TrialKey is an innovative AI and machine learning platform designed to revolutionise the clinical trial landscape by providing advanced optimisation and predictive capabilities. Tailored for Clinical Research Organisations (CROs) and pharmaceutical companies, TrialKey harnesses extensive datasets and sophisticated algorithms to enhance the design and execution of clinical trials, ultimately increasing the probability of success across all phases.

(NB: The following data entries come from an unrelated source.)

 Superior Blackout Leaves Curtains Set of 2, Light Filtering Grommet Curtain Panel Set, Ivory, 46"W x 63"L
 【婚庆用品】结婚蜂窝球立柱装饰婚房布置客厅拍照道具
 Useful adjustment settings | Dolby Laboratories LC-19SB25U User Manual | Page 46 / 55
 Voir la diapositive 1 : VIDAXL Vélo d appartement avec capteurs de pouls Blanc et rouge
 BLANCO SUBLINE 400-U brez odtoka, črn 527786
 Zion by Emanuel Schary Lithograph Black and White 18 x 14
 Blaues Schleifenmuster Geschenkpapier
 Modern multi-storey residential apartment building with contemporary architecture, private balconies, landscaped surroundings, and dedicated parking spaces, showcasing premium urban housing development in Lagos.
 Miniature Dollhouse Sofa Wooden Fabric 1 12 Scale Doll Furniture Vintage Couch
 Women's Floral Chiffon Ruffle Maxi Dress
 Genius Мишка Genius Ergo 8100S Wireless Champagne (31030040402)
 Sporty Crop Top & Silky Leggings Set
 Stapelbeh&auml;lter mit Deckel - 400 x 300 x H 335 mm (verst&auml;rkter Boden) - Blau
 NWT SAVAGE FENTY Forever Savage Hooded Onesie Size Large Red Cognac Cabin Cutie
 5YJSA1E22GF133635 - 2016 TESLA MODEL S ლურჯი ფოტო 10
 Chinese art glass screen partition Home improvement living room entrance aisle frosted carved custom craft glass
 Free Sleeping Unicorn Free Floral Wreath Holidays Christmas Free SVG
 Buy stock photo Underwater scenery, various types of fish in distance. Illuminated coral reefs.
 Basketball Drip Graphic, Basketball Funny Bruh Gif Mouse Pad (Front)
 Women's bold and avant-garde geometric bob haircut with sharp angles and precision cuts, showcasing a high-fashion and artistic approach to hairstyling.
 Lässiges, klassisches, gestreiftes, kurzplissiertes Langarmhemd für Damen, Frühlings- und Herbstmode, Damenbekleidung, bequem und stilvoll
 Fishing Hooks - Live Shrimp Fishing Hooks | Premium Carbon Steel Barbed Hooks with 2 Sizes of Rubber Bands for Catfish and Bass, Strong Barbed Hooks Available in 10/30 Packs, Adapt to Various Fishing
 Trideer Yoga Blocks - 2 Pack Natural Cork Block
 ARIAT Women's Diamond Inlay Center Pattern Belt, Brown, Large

One of the key features of TrialKey is its TrialGen module, which enables precise trial design by offering recommendations on study type, sponsor selection, timelines, enrolment numbers, inclusion and exclusion criteria, and endpoint measures. The platform’s optimisation capabilities extend to refining intervention models, masking types, and resource allocation, ensuring trials are conducted efficiently and effectively. TrialKey's AI-driven analysis also reduces the need for costly amendments, accelerates market entry, and provides a competitive edge in the highly complex field of clinical research.
Beyond design optimisation, TrialKey excels in predictive analytics, offering over 90% accuracy in forecasting trial success. By simulating various trial scenarios and analysing competitor trials, the platform provides invaluable insights that guide strategic planning and decision-making. This includes benchmarking against similar trials, estimating success probabilities, and mapping out competitor activities by trial duration and completion dates.
TrialKey’s global applicability and scalability make it an essential tool for companies of all sizes, from small firms conducting a few trials annually to large organisations managing thousands. The platform supports a wide range of clinical trials, including those for drugs, medical devices, and alternative therapies, and is adaptable to diverse regulatory environments and clinical trial requirements worldwide. With a user-friendly design and comprehensive support services, TrialKey empowers clinicians, researchers, and investors to make informed decisions, optimise trial outcomes, and contribute to the advancement of medical research.